Pray for Silence
When a police officer stops for a leak and a cigarette on a quiet back road the last thing he expects is to hear horrifying screams. But what he finds when he responds to those screams makes him want to do a little terrified screeching of his own. That he found it on a peaceful Amish farm makes the scene just that much more bizarre.
Police Chief Kate Burkholder is a veteran officer but this family annihilation has even the most seasoned veterans on her squad horrified. Though it’s made to appear as though the father committed the crime, it becomes clear to Kate and her crew pretty quickly that the whole scene was staged; within an hour of being at the scene they know someone in their small, quiet community is a monster in disguise. As they begin to sift through the evidence it becomes apparent that the investigation needs to center on young Mary, a daughter who may have been considering leaving the Amish way of life. Mary reminds Kate far too much of herself for her own comfort. Already in a precarious emotional state, she is unsure whether she should call agent John Tomasetti of the Ohio Bureau of Criminal Apprehension. She has no doubt he will be an asset to their investigation but will their on-again/off-again relationship effect their ability to work together?
John is in a difficult situation when Kate calls. Suspended from the bureau, he is certain of only one thing – he doesn’t want to be home alone. He isn’t certain helping Kate won’t ruin his already strained relationship with the powers that be at Criminal Apprehension. He doesn’t want to tell her about his suspension and he isn’t sure he wants to deal with the relationship – if you can call what they have a relationship. But he is inexorably drawn into the tangled web of this killer and the woman fighting him with everything she has.
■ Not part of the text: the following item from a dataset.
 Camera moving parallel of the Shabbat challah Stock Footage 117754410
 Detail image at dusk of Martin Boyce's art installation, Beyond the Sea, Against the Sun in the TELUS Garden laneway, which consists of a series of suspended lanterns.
Suspense fans will not be disappointed in this novel of how evil lurks in even the most peaceful of places. The crime is intriguing, the victims so sympathetic you feel as saddened as if they were real and you had actually known them. I found myself twisting and turning just as Kate did, trying to get a handle on something that seemed to have no meaning. The killer was frightening, at once so human and normal you couldn’t suspect him and so horrifyingly brutal you wondered how he could walk among us without everyone immediately knowing what he was. Even when the story ended a part of me couldn’t believe who had committed the crime and why.
There were some problems though. The entire time I was reading this book I was reminded of sinister gray days that are accompanied by a slow, incessant rain that quietly but swiftly floods your basement and makes you question if the sun had ever really existed – or if it was just a hallucination you had come up with. Kate seems pulled completely into the crime, and since much of the tale is told in the first person we are pulled into this dark, cloudy abyss with her. John too seems lost in dismal thoughts, unable to bring any levity to a very, very heavy situation. Their romance is even a bit cold, coming across more as two people in need than two people falling in love.
I also found myself growing a bit tired of Kate and John’s baggage. I know that it makes them far more interesting characters, but this time out I felt like I was lugging the luggage for them and it felt a bit wearying. I began to wonder how Kate was going to effectively do her job if she was going to let every crime yank her into her past.
This is book two of a series. I’ve read book one – in fact I’d recommend it to fans of suspense novels – and I would encourage people to start with Sworn to Silence . But you don’t have to read that to enjoy this one.
Though Pray for Silence has its imperfections, this is a first rate thriller. The mystery is cutting edge and Ms. Castillo doesn’t blink at taking a long, hard look at the violence that lies just beneath the surface of the human animal. While there may not be enough romance to satisfy romantic suspense fans, readers who enjoy a good mystery will find themselves well satisfied at the end of this one.